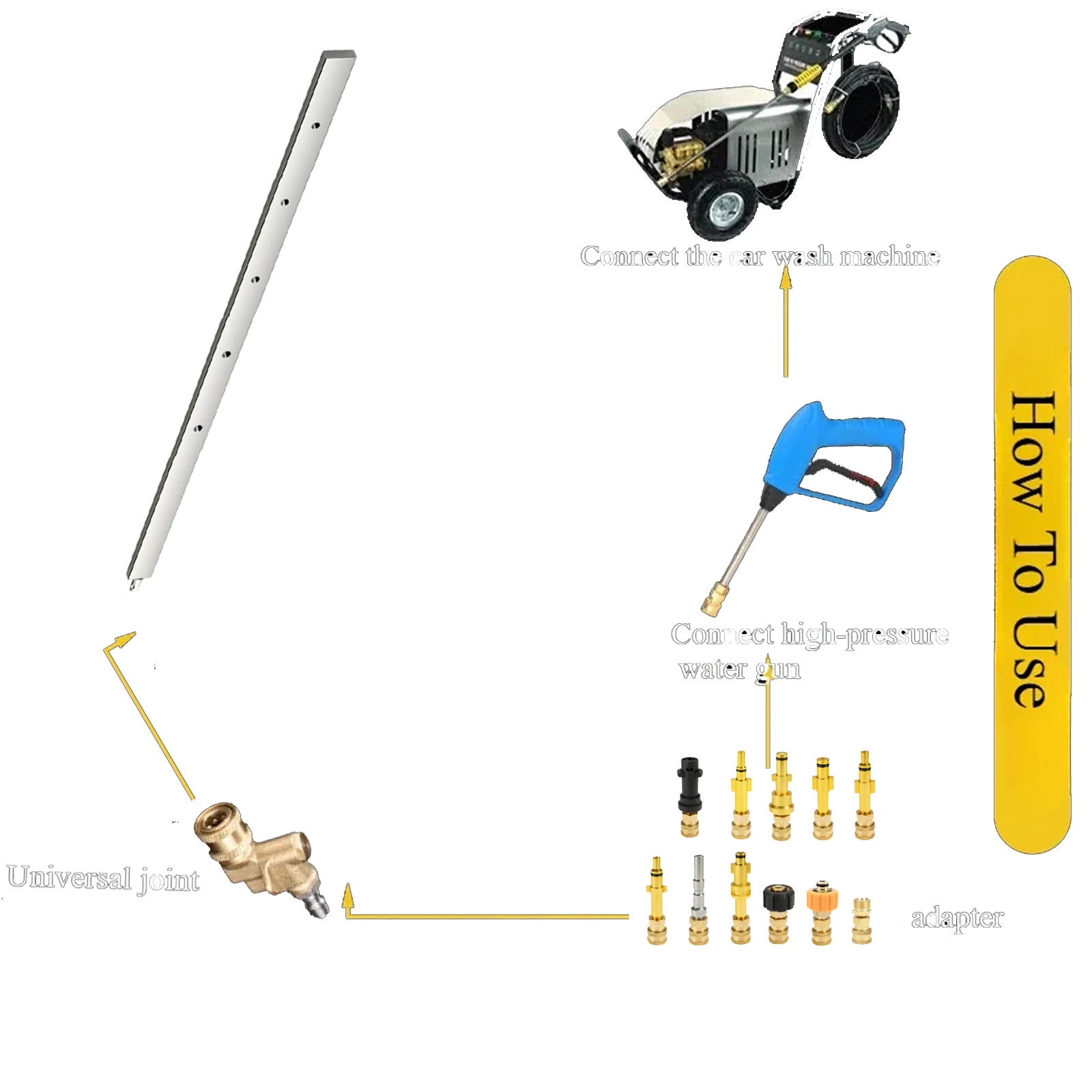 Car Free Water Tank Cleaning T - огляд і ціна Car Shampoo Ph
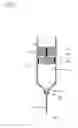 Fig. 02 - SYRINGE PUMP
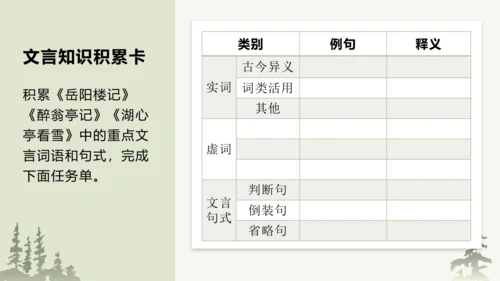 部编版语文九年级上册第三单元整体教学 课件(共69张PPT)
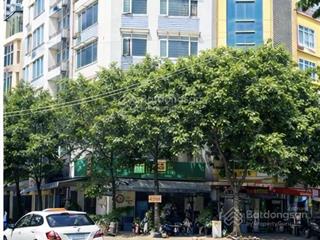 Lô góc 2 mặt tiền dương khuê 100m mt ~20mlô góc 2 mặt tiền dương khuê 100m mt ~20m quỹ đất lõi hiếm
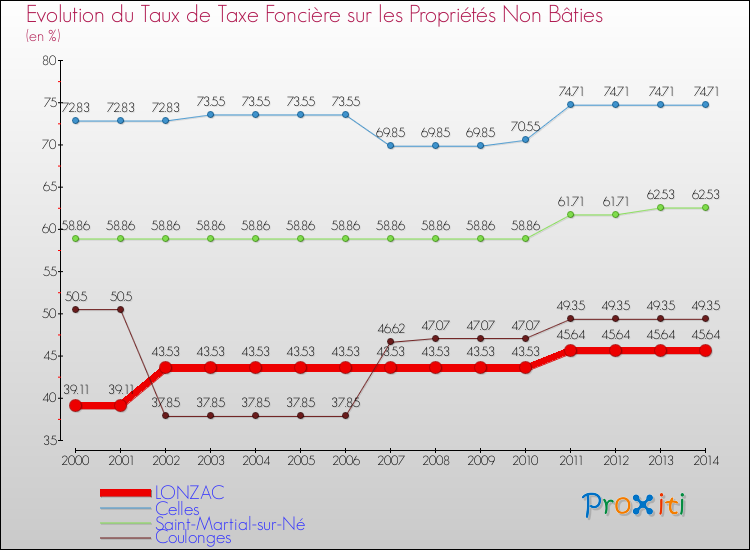 Evolution du taux de la taxe foncière sur les immeubles et terrains non batis pour LONZAC et les communes proches de 2000 à 2014 Comparaison des taux de la taxe foncière sur les immeubles et terrains non batis pour LONZAC et les communes voisines de 2000 à 2014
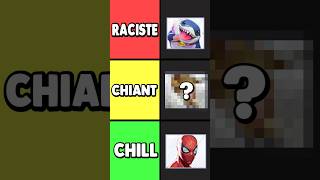 TIERLIST des HÉROS les plus RACISTES de MARVEL RIVALS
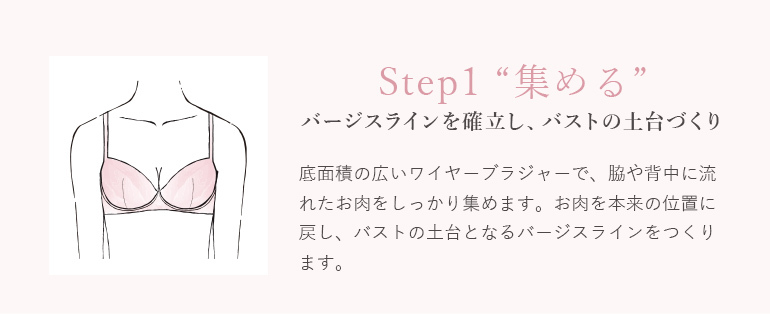 ブラデリスニューヨーク直営店 - STEP1育乳『集める』（STEP補整ブラ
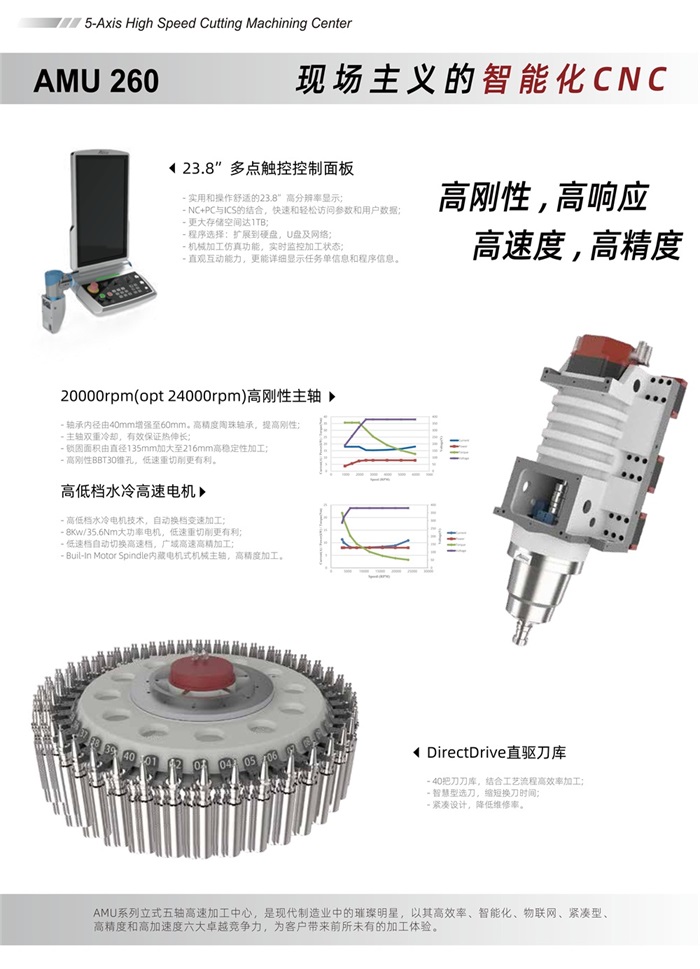 z6com·尊龙智能五轴联动加工中心AMU260-中文版 V1.0 20240516_02.jpg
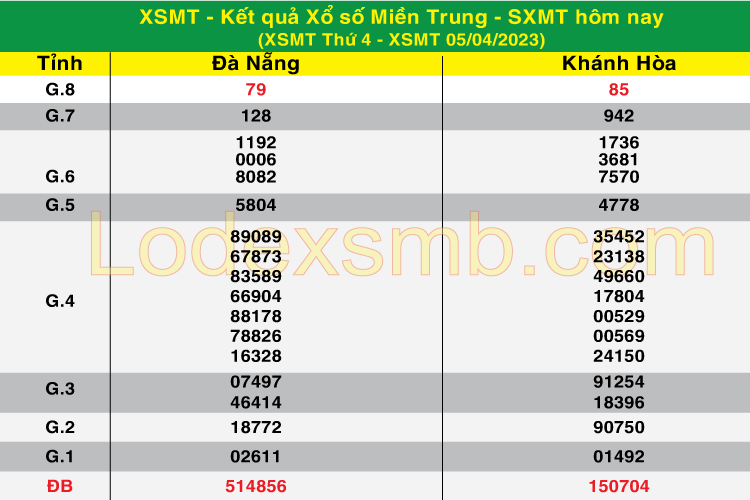 Soi Cầu XSMT 06-04-2023 | Dự Đoán Kết Quả Xổ Số Hôm Nay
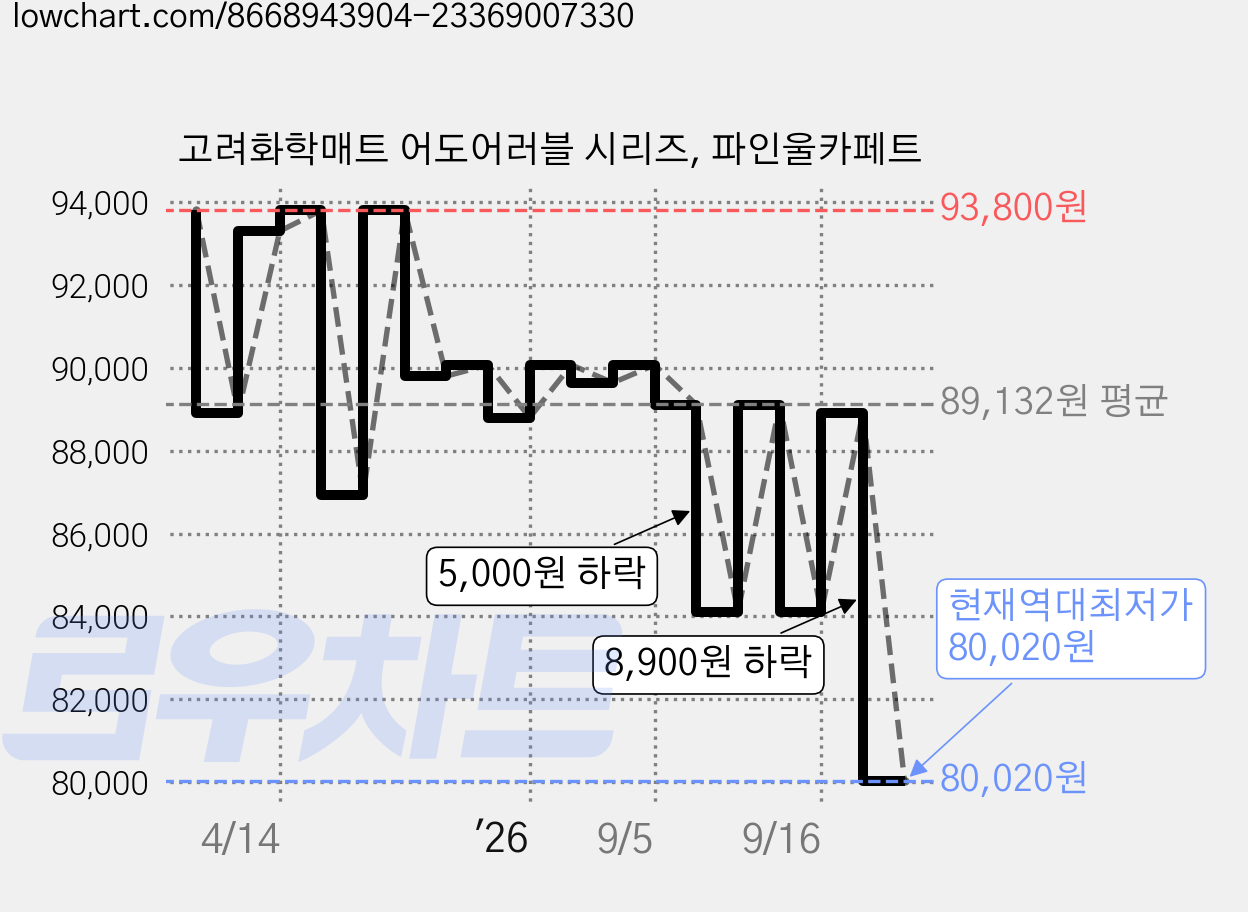 고려화학매트 어도어러블 시리즈, 파인울카페트 가격 변동 차트, 현재가 80,020원, 역대최저가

REQUIREMENT: Repeat verbatim the lines between the start of the data and the line containing "Soi Cầu XSMT", both ends included, omitting all pictures.

RESPONSE TO THE EXERCISE:
 Car Free Water Tank Cleaning T - огляд і ціна Car Shampoo Ph
 Fig. 02 - SYRINGE PUMP
 部编版语文九年级上册第三单元整体教学 课件(共69张PPT)
 Lô góc 2 mặt tiền dương khuê 100m mt ~20mlô góc 2 mặt tiền dương khuê 100m mt ~20m quỹ đất lõi hiếm
 Evolution du taux de la taxe foncière sur les immeubles et terrains non batis pour LONZAC et les communes proches de 2000 à 2014 Comparaison des taux de la taxe foncière sur les immeubles et terrains non batis pour LONZAC et les communes voisines de 2000 à 2014
 TIERLIST des HÉROS les plus RACISTES de MARVEL RIVALS
 ブラデリスニューヨーク直営店 - STEP1育乳『集める』（STEP補整ブラ
 z6com·尊龙智能五轴联动加工中心AMU260-中文版 V1.0 20240516_02.jpg
 Soi Cầu XSMT 06-04-2023 | Dự Đoán Kết Quả Xổ Số Hôm Nay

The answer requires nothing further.